Of all the lines below, output only those starting at the one with "Luis Rioja se" and ending at the one with "Sephora x Dagne", both ends included, exactly as written.

::::::::

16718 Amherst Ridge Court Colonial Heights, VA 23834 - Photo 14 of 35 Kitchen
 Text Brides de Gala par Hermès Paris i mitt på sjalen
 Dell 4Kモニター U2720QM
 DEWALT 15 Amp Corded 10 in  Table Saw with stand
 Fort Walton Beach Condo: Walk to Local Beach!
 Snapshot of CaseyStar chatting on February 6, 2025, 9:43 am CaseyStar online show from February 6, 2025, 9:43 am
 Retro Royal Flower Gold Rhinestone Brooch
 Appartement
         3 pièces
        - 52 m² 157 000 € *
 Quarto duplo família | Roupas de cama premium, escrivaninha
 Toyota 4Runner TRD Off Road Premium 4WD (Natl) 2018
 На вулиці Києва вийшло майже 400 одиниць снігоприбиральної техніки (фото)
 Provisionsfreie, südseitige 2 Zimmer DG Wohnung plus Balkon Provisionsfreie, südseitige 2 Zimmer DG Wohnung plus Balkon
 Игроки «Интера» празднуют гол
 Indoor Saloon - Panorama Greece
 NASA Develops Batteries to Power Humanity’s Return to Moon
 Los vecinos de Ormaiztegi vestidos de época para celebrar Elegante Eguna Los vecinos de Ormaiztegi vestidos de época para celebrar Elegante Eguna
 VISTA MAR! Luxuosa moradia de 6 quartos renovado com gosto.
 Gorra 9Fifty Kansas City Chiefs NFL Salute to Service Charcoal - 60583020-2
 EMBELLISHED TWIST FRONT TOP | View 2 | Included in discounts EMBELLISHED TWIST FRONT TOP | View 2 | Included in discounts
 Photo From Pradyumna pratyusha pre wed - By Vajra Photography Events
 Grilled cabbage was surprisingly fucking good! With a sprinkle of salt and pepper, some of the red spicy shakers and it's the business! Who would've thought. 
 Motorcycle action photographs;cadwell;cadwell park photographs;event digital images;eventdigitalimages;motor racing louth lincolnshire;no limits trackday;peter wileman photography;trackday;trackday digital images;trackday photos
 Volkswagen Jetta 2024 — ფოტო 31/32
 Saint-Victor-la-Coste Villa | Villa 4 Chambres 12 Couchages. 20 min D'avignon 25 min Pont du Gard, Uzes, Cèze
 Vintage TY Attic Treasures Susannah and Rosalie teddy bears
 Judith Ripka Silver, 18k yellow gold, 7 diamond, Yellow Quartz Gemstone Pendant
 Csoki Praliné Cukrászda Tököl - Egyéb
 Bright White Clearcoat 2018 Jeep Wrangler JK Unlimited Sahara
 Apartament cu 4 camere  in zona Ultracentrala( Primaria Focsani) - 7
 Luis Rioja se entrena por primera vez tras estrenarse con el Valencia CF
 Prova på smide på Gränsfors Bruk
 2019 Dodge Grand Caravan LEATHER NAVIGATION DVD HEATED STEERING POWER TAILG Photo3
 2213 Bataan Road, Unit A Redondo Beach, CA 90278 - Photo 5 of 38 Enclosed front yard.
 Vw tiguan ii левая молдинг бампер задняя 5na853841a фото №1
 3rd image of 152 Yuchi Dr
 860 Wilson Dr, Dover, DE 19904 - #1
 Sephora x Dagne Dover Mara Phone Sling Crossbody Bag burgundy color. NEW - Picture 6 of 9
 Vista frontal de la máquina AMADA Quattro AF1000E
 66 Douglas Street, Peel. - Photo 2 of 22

::::::::

## Problem solution
 Luis Rioja se entrena por primera vez tras estrenarse con el Valencia CF
 Prova på smide på Gränsfors Bruk
 2019 Dodge Grand Caravan LEATHER NAVIGATION DVD HEATED STEERING POWER TAILG Photo3
 2213 Bataan Road, Unit A Redondo Beach, CA 90278 - Photo 5 of 38 Enclosed front yard.
 Vw tiguan ii левая молдинг бампер задняя 5na853841a фото №1
 3rd image of 152 Yuchi Dr
 860 Wilson Dr, Dover, DE 19904 - #1
 Sephora x Dagne Dover Mara Phone Sling Crossbody Bag burgundy color. NEW - Picture 6 of 9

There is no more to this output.